Stored items
Segment Open
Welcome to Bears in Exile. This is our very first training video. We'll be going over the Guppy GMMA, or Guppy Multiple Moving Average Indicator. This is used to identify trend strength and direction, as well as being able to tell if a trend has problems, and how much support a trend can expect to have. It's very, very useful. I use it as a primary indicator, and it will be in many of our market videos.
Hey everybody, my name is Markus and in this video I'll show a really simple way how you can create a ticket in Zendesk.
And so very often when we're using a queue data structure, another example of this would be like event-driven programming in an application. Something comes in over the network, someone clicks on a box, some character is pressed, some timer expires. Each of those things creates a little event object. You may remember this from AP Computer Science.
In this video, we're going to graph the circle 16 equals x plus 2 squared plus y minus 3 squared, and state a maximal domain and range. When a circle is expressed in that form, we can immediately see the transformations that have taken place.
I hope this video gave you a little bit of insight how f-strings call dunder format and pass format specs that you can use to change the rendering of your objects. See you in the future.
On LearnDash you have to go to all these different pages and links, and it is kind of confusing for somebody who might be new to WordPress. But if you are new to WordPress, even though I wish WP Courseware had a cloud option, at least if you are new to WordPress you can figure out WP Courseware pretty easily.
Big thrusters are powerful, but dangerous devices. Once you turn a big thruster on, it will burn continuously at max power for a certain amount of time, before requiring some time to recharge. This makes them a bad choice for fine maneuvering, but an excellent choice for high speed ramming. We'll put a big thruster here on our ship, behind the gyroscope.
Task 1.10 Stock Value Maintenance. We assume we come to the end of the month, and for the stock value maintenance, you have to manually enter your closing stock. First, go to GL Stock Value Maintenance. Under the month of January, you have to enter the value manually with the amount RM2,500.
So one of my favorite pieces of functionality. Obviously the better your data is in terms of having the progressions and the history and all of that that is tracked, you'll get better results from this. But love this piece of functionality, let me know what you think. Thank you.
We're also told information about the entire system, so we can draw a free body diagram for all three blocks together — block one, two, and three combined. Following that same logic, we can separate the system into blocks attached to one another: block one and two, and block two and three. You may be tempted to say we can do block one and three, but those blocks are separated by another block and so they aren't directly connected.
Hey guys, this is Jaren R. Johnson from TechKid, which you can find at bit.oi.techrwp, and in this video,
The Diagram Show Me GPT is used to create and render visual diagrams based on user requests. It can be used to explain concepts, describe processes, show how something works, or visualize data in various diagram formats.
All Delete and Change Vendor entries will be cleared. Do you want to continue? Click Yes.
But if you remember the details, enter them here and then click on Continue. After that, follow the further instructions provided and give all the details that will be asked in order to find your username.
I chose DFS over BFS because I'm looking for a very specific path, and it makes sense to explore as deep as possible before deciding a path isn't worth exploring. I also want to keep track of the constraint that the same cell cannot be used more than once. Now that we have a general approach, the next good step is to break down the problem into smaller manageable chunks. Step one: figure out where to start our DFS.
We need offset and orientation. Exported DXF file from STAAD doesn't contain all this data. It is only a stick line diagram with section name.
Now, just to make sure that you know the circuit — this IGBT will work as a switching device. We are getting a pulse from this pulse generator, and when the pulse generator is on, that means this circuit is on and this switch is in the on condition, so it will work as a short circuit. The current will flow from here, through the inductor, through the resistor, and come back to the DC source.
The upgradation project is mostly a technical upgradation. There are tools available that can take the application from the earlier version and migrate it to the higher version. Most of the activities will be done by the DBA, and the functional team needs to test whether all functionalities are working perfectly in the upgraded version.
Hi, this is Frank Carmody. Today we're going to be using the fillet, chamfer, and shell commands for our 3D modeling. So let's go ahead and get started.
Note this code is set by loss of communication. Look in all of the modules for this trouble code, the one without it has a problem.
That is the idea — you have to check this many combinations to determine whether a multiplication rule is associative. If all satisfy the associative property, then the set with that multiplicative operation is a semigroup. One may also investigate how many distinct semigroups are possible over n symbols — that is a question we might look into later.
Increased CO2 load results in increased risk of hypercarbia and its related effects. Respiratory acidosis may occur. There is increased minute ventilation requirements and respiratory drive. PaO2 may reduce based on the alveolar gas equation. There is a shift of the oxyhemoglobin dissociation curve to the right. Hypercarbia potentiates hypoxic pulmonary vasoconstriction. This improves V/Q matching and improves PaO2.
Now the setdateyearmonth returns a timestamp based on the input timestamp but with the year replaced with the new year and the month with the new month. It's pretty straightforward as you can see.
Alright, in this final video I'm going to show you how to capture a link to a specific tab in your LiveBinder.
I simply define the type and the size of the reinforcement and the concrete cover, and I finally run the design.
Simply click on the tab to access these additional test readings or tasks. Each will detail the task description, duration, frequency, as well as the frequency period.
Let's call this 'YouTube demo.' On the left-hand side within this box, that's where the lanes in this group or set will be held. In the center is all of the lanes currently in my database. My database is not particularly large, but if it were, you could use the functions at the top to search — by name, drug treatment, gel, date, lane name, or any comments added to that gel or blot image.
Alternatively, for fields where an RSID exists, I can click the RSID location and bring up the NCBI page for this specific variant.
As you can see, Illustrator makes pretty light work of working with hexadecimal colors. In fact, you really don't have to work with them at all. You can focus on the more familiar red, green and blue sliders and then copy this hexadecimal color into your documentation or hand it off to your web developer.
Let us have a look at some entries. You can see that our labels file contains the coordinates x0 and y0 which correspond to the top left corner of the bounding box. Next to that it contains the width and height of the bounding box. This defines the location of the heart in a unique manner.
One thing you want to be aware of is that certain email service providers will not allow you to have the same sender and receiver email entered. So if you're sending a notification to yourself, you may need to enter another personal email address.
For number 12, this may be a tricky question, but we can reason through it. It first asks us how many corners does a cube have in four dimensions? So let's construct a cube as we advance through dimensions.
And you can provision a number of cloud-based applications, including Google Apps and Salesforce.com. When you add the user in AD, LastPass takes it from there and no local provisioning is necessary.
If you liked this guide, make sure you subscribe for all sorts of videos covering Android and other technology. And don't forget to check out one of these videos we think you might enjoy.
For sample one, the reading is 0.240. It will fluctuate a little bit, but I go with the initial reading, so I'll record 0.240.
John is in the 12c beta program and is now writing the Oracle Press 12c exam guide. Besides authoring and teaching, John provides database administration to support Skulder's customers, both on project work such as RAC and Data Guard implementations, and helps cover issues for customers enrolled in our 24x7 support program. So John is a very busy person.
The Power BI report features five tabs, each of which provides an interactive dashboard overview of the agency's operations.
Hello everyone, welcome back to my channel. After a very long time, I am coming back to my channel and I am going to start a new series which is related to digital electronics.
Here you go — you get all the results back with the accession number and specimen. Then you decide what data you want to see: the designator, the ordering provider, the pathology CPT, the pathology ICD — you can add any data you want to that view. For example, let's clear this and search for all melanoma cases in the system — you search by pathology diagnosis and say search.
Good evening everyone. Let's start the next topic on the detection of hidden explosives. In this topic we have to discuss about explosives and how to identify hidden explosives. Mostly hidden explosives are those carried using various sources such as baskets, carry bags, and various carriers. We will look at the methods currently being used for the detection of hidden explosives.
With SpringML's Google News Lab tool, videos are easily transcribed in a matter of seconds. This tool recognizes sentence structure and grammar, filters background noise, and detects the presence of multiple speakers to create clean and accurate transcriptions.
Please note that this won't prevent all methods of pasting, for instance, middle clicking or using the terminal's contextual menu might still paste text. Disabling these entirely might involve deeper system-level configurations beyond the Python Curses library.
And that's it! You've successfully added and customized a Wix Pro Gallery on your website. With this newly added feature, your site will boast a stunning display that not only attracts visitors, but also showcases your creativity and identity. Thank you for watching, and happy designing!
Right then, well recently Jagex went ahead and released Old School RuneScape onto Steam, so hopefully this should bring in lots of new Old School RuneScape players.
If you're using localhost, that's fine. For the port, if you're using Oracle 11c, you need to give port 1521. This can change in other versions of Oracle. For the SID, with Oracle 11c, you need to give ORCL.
Segment Closed
#### [Task directions]
The lines above starting at the one that contains "The Diagram Show" and ending at the one that contains "Note this code" must be transcribed exactly, and no other lines may appear.

#### [Solution to this exercise]
The Diagram Show Me GPT is used to create and render visual diagrams based on user requests. It can be used to explain concepts, describe processes, show how something works, or visualize data in various diagram formats.
All Delete and Change Vendor entries will be cleared. Do you want to continue? Click Yes.
But if you remember the details, enter them here and then click on Continue. After that, follow the further instructions provided and give all the details that will be asked in order to find your username.
I chose DFS over BFS because I'm looking for a very specific path, and it makes sense to explore as deep as possible before deciding a path isn't worth exploring. I also want to keep track of the constraint that the same cell cannot be used more than once. Now that we have a general approach, the next good step is to break down the problem into smaller manageable chunks. Step one: figure out where to start our DFS.
We need offset and orientation. Exported DXF file from STAAD doesn't contain all this data. It is only a stick line diagram with section name.
Now, just to make sure that you know the circuit — this IGBT will work as a switching device. We are getting a pulse from this pulse generator, and when the pulse generator is on, that means this circuit is on and this switch is in the on condition, so it will work as a short circuit. The current will flow from here, through the inductor, through the resistor, and come back to the DC source.
The upgradation project is mostly a technical upgradation. There are tools available that can take the application from the earlier version and migrate it to the higher version. Most of the activities will be done by the DBA, and the functional team needs to test whether all functionalities are working perfectly in the upgraded version.
Hi, this is Frank Carmody. Today we're going to be using the fillet, chamfer, and shell commands for our 3D modeling. So let's go ahead and get started.
Note this code is set by loss of communication. Look in all of the modules for this trouble code, the one without it has a problem.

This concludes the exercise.